Only if you're an engineer implementing a mail server configuration. But if you're implementing a telco you also have more tools to work with than a caller ID.

End users use DMARC/SPF the same way end users use STIR/SHAKEN... they don't. None of them are user-servicable values. And service providers use DMARC/SPF the same way end users use STIR/SHAKEN... they implement those controls for their users in the form of a managed service.

unsignedint|6 months ago

Even if I don't run my own mail server, I can still open an email header and see context. Last time I checked, I can't walk into a telco and ask for the telephone equivalent of that. On PSTN, there's nothing beyond a bare caller ID string, and that lack of context is exactly why I see it as a problem.

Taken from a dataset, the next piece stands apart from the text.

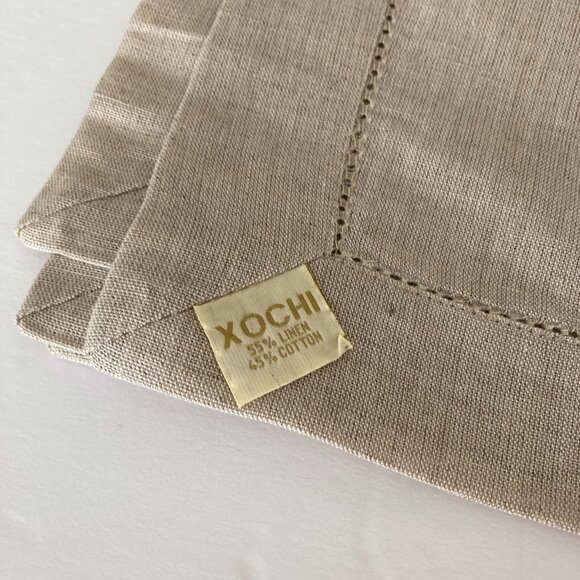 XOCHI PLACEMENTS - Picture 1 of 3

Email gives end users multiple signals and filters to work with. PSTN doesn't, and that's why I disagree with your equivalence.

mulmen|6 months ago

You have more tools because the market created them because it’s a federated protocol. The PSTN is a different case where market forces don’t align incentives with spam reduction. This is why regulators like the FCC exist.

unsignedint|6 months ago

I get the distinction you’re drawing, but that just brings us back to the same fork: if decades of FCC involvement haven’t produced a trustworthy caller identity system, then the reliance on regulation isn’t solving the structural weakness, it’s just propping it up.

At that point, we’re repeating the same values clash — you see regulation as a workable fix, I see it as evidence of fragility. I don’t think continuing this line is going to get us any further.